1. ## Could anyone please explain how to solve this absolute equations?

The problems ask to slove each inequality and express your answer using set notation or interval notation and then graph the solution set.

1. | x^2 + 3x | = | x^2- 2x |

2. | -4x | + | -5 | <= 1

3. 5 + | x - 1 | > 1/2

Thanks!

2. Originally Posted by khushi
The problems ask to slove each inequality and express your answer using set notation or interval notation and then graph the solution set.

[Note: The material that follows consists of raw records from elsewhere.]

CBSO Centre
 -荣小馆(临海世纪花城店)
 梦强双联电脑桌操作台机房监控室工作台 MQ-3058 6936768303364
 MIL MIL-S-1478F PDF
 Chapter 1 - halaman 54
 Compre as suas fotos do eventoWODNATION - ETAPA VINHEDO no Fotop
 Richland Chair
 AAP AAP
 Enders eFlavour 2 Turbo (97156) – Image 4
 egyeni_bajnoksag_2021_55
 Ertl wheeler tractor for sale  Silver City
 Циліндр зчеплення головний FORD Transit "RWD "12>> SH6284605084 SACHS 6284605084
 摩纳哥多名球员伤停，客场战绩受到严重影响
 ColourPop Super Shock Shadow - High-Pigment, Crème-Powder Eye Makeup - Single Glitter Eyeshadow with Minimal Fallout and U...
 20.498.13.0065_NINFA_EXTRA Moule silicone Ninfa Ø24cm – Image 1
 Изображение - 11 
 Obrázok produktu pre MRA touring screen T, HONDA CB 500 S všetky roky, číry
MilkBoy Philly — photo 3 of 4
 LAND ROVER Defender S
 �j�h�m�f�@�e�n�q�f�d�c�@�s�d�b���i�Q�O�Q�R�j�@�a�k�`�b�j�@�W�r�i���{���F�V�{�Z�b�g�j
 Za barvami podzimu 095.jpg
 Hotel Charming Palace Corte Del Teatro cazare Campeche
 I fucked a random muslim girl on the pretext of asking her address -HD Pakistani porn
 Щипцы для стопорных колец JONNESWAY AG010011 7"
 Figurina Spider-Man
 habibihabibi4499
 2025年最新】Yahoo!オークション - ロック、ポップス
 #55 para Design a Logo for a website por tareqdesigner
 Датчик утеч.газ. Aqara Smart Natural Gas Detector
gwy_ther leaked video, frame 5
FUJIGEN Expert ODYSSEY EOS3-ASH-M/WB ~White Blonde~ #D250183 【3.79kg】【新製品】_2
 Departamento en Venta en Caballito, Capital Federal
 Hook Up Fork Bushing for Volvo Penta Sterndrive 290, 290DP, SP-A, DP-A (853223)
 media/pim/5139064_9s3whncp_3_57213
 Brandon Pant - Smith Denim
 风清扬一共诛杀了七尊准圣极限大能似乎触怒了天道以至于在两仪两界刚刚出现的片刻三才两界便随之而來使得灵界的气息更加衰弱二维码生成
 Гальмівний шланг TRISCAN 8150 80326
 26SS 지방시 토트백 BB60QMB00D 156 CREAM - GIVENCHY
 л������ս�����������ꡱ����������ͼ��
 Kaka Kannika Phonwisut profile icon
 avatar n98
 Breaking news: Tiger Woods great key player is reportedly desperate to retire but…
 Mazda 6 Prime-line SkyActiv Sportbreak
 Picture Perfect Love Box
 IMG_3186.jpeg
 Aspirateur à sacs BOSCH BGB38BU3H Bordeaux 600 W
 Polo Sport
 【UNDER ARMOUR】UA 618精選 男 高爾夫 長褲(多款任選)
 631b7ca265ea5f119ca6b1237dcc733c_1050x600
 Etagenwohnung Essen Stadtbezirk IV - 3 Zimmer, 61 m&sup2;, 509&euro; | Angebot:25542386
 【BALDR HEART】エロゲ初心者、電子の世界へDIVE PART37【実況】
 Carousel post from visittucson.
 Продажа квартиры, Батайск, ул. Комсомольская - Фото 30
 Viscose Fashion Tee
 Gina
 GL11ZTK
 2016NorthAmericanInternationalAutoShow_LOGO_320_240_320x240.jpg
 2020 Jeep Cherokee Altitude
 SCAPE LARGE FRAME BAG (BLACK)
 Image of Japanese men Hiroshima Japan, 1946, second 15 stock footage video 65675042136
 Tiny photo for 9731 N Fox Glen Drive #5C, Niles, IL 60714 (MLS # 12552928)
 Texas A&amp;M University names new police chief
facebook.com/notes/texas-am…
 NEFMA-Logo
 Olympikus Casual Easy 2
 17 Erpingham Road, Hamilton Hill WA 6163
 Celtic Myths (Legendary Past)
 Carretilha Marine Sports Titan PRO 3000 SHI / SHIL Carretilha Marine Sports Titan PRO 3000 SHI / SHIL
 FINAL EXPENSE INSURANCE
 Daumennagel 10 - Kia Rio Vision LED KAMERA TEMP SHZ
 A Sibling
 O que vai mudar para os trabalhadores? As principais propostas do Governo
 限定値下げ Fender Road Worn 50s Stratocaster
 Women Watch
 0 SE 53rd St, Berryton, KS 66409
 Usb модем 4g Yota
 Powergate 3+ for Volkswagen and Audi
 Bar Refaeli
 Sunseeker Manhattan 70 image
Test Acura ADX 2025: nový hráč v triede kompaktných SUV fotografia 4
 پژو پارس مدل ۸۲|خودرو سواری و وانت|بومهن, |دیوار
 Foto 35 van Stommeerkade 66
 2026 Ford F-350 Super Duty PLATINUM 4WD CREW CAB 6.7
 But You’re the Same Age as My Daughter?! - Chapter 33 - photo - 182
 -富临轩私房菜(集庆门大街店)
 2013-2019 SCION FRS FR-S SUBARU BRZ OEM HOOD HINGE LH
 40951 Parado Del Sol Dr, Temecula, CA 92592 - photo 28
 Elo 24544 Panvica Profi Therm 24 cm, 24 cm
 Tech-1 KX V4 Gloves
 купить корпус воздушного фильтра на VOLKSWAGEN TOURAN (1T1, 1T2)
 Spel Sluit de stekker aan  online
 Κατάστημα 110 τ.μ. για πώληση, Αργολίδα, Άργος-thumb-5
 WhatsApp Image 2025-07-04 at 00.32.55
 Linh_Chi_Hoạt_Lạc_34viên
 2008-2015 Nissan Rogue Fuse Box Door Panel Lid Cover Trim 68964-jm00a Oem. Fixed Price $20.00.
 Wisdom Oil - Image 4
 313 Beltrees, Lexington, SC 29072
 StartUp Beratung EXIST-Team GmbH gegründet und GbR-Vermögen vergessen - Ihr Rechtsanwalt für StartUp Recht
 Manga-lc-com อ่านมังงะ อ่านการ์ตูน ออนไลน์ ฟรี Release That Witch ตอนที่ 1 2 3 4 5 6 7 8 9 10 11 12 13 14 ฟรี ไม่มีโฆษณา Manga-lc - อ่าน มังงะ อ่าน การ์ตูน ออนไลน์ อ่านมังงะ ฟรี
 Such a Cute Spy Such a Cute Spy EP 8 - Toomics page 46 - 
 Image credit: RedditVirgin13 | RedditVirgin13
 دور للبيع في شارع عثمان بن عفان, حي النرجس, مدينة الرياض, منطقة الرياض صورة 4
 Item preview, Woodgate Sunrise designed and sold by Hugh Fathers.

1. | x^2 + 3x | = | x^2- 2x |

Thanks!
Case-I $x^2 + 3x \ge 0$ and $x^2 - 2x \ge 0$, then

$x^2 + 3x = x^2 - 2x$

$\Rightarrow x = 0.$

Case-II $x^2 + 3x \ge 0$ and $x^2 - 2x < 0$, then

$x^2 + 3x = -(x^2 - 2x)$

$\Rightarrow 2x^2 +x = 0.$

$\Rightarrow x = 0, \;\; \frac{-1}{2}$

Case-III $x^2 + 3x < 0$ and $x^2 - 2x \ge 0$, then

$-(x^2 + 3x) = x^2 - 2x$

$\Rightarrow 2x^2 +x = 0.$

$\Rightarrow x = 0, \;\; \frac{-1}{2}$

Case-IV $x^2 + 3x < 0$ and $x^2 - 2x < 0$, then

$-(x^2 + 3x) = -(x^2 - 2x)$

$\Rightarrow x = 0.$

3. Originally Posted by khushi
The problems ask to slove each inequality and express your answer using set notation or interval notation and then graph the solution set.

2. | -4x | + | -5 | <= 1

Thanks!
Case-I $-4x \ge 0$

$-4x + 5 \le 1$

$-4x \le 1-5$

$-4x \le -4$

$x \ge 1$

Case-II -4x < 0

$-(-4x) + 5 \le 1$

$4x \le -4$

$x \le -1$

You try the third question yourself.